Once you find the line containing "Draka 60013181 Draka" in the data below, copy it and each following line exactly, up to and including the line containing "Libros horizontales en", and nothing else.

**Data for this task:**

******

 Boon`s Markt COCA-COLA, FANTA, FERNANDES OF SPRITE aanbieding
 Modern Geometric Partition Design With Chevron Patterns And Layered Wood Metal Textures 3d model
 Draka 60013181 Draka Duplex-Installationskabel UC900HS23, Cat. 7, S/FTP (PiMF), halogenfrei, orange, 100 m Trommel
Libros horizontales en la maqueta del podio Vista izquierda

******

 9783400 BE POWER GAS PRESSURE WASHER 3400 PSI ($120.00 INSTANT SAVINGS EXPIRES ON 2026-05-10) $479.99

******

**Result for this exercise:**
 Draka 60013181 Draka Duplex-Installationskabel UC900HS23, Cat. 7, S/FTP (PiMF), halogenfrei, orange, 100 m Trommel
Libros horizontales en la maqueta del podio Vista izquierda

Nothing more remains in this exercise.